--- GIVEN RECORDS ---

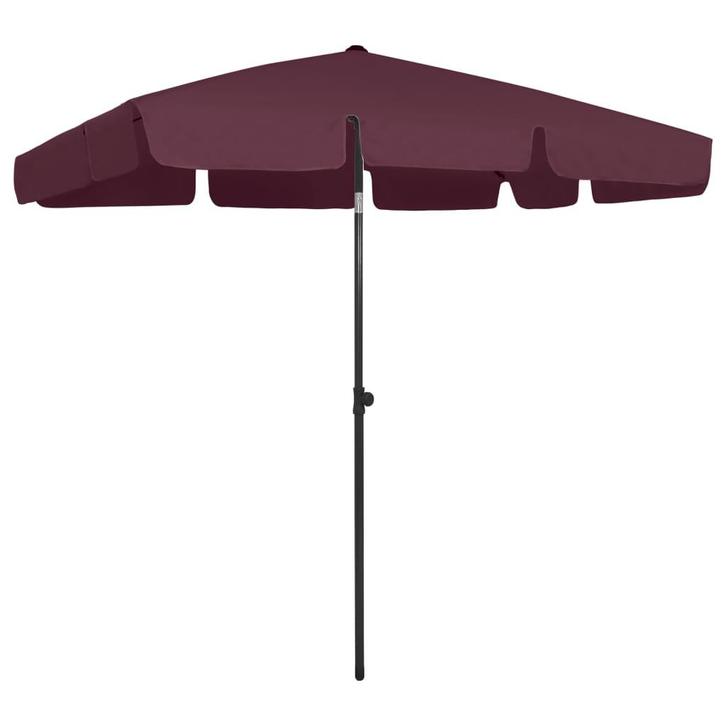 vidaXL Strandparasol 200x125 cm bordeauxrood, Tuin en Terras, Parasols, Nieuw, Verzenden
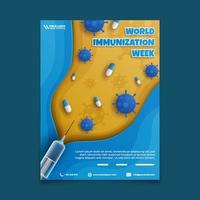 affiche de la semaine mondiale de la vaccination vecteur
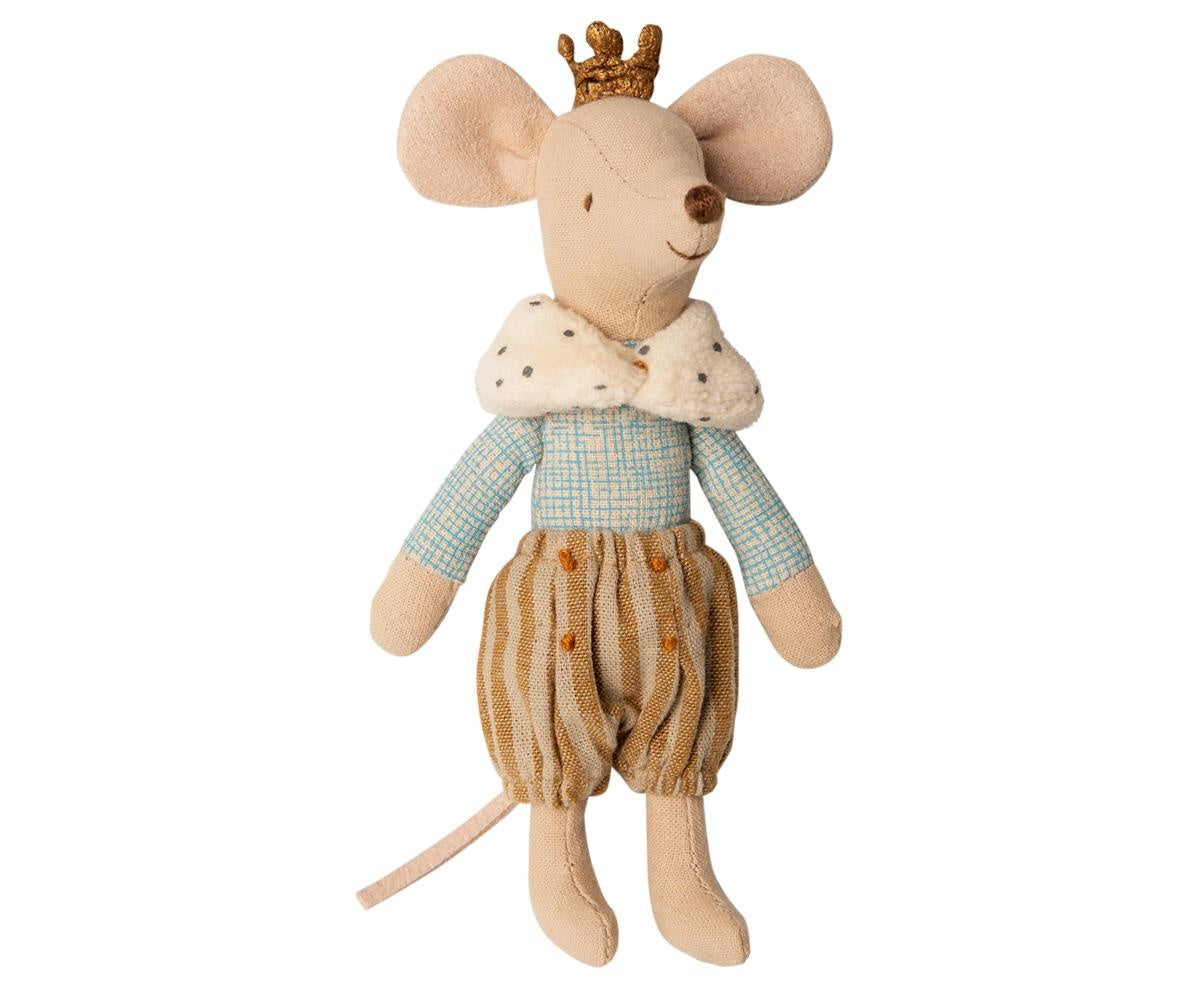 Plush Prince Mouse with crown, soft beige fabric, striped pants, and royal collar, einzigartig Wohndeko for individueller. - Prince Mouse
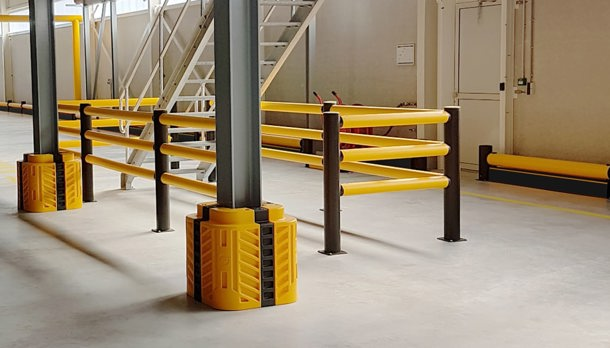 Polymer Safety Barriers and Column Guards Protecting Building, Staircase and Mezzanine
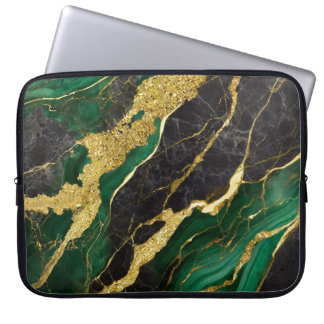 Housse Pour Ordinateur Portable Motif en marbre vert avec or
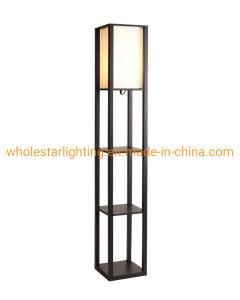 MDF Shelf Floor Lamp with Fabric Shade (WHF-449)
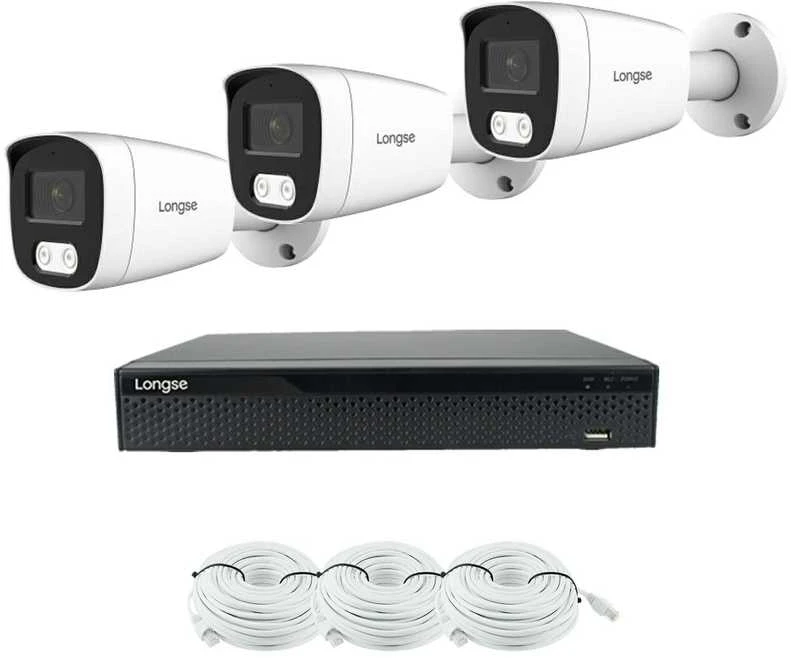 4K 8 megapikselių raiškos IP kamerų komplektas Longse - 1- 4 kameros BMSCKL8RC Hybrid light, POE, žmogaus ir automobilio detekcija, Kamerų kiekis: 3, Vaizdo ir maitinimo kabeliai: Su kabeliais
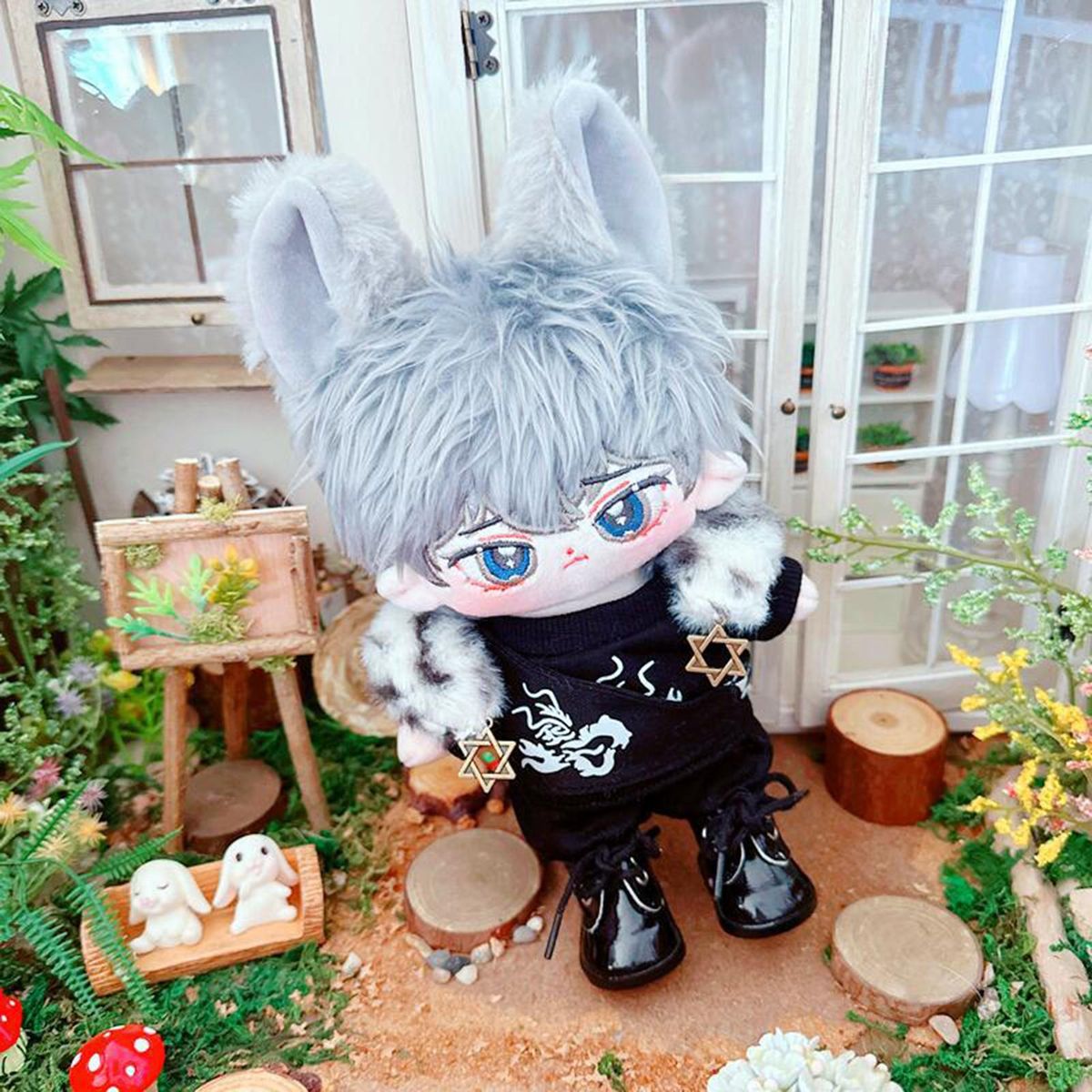 1 Set 20cm Doll Clothes Cotton Doll Daily Wear Casual Tops Pants Set Black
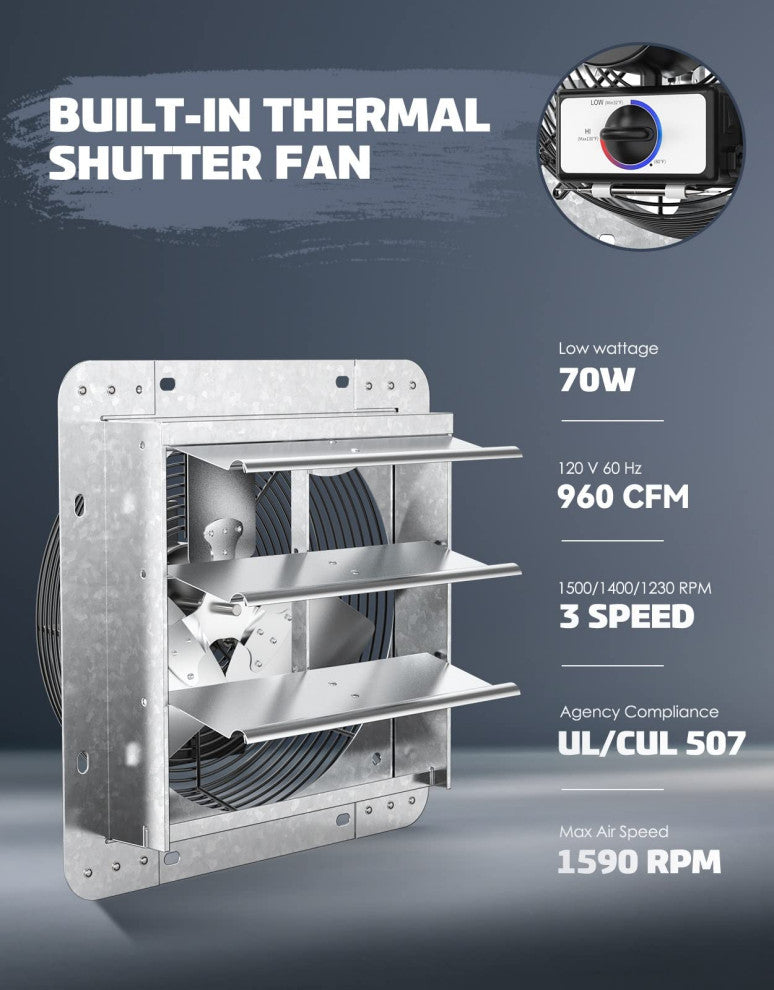 Wall Mounted Shutter Exhaust, 12" Fan With Thermostat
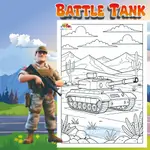 著色紙著色紙 BATTLE TANK 繪圖紙著色紙幼兒園小學生 A4 A5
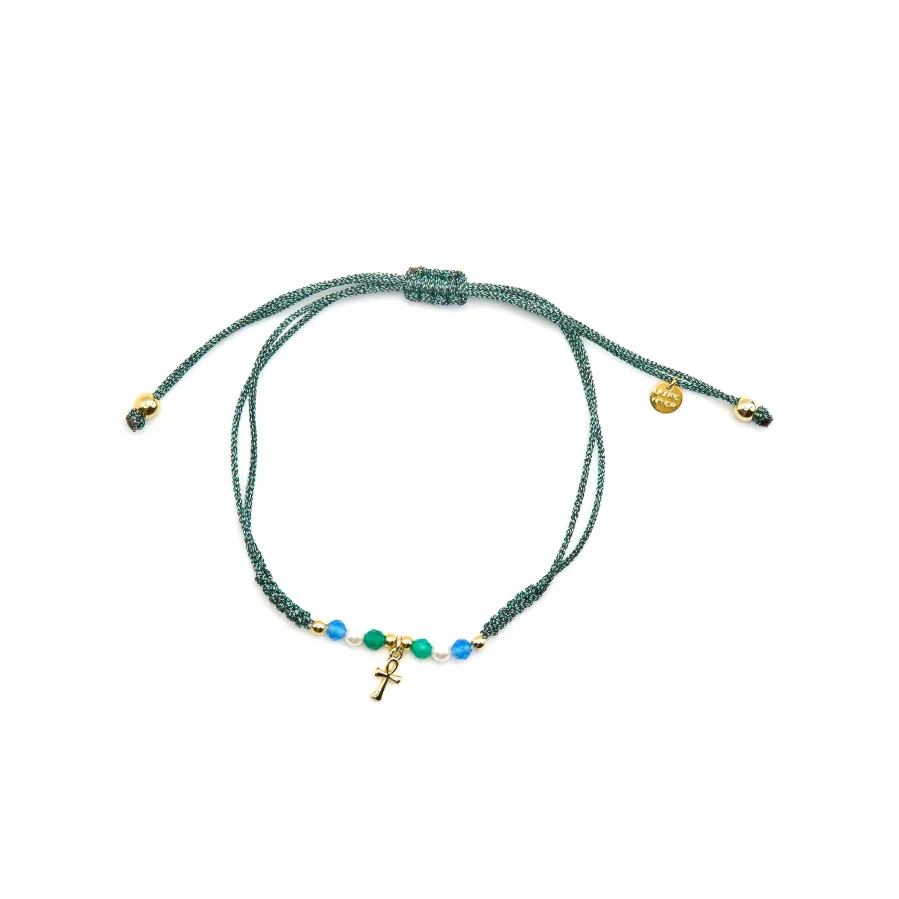Pulsera de Plata de Ley 925 y Cristal Azul Oscuro acabado oro 18k - Kalau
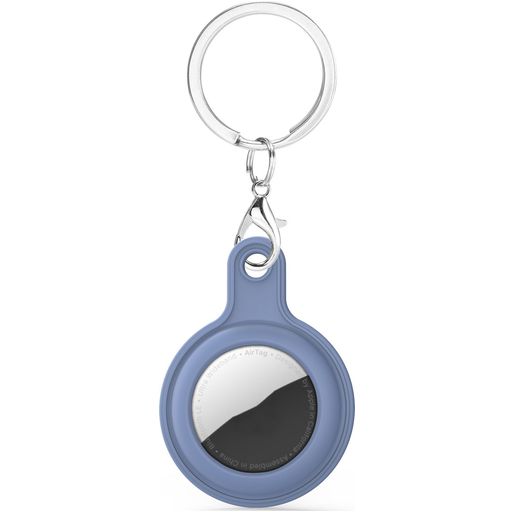 Mobigear Keychain Apple AirTag Hoesje Flexibel Siliconen Sleutelhanger - Cyan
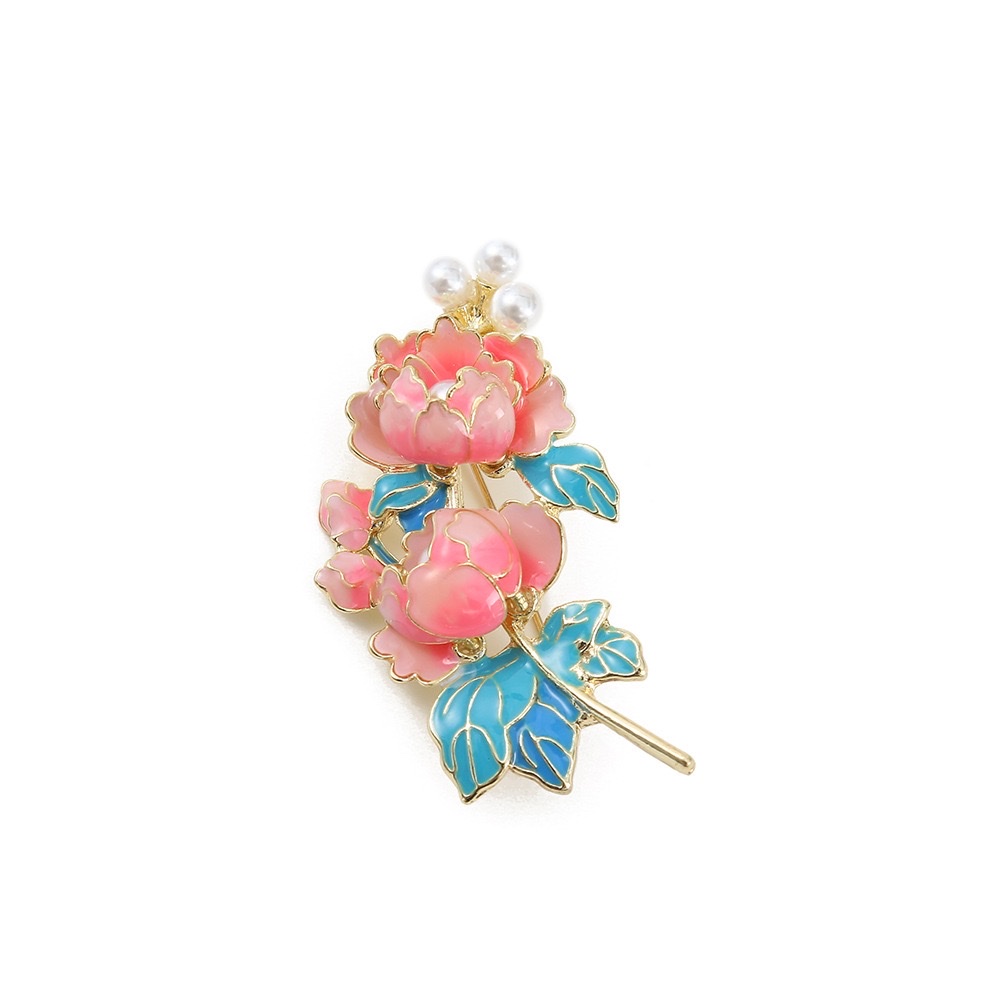 Imperial style, noble elegance, exquisite temperament, peony flower pearl brooch, high-end sense, fashionable cheongsam brooch pin detail image 6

---

TASK REQUIREMENTS: An exact copy of the lines from the one with "4K 8 megapikselių" through the end of the records: produce that and nothing more, leaving out the pictures.

YOUR SOLUTION:
 4K 8 megapikselių raiškos IP kamerų komplektas Longse - 1- 4 kameros BMSCKL8RC Hybrid light, POE, žmogaus ir automobilio detekcija, Kamerų kiekis: 3, Vaizdo ir maitinimo kabeliai: Su kabeliais
 1 Set 20cm Doll Clothes Cotton Doll Daily Wear Casual Tops Pants Set Black
 Wall Mounted Shutter Exhaust, 12" Fan With Thermostat
 著色紙著色紙 BATTLE TANK 繪圖紙著色紙幼兒園小學生 A4 A5
Pulsera de Plata de Ley 925 y Cristal Azul Oscuro acabado oro 18k - Kalau
 Mobigear Keychain Apple AirTag Hoesje Flexibel Siliconen Sleutelhanger - Cyan
 Imperial style, noble elegance, exquisite temperament, peony flower pearl brooch, high-end sense, fashionable cheongsam brooch pin detail image 6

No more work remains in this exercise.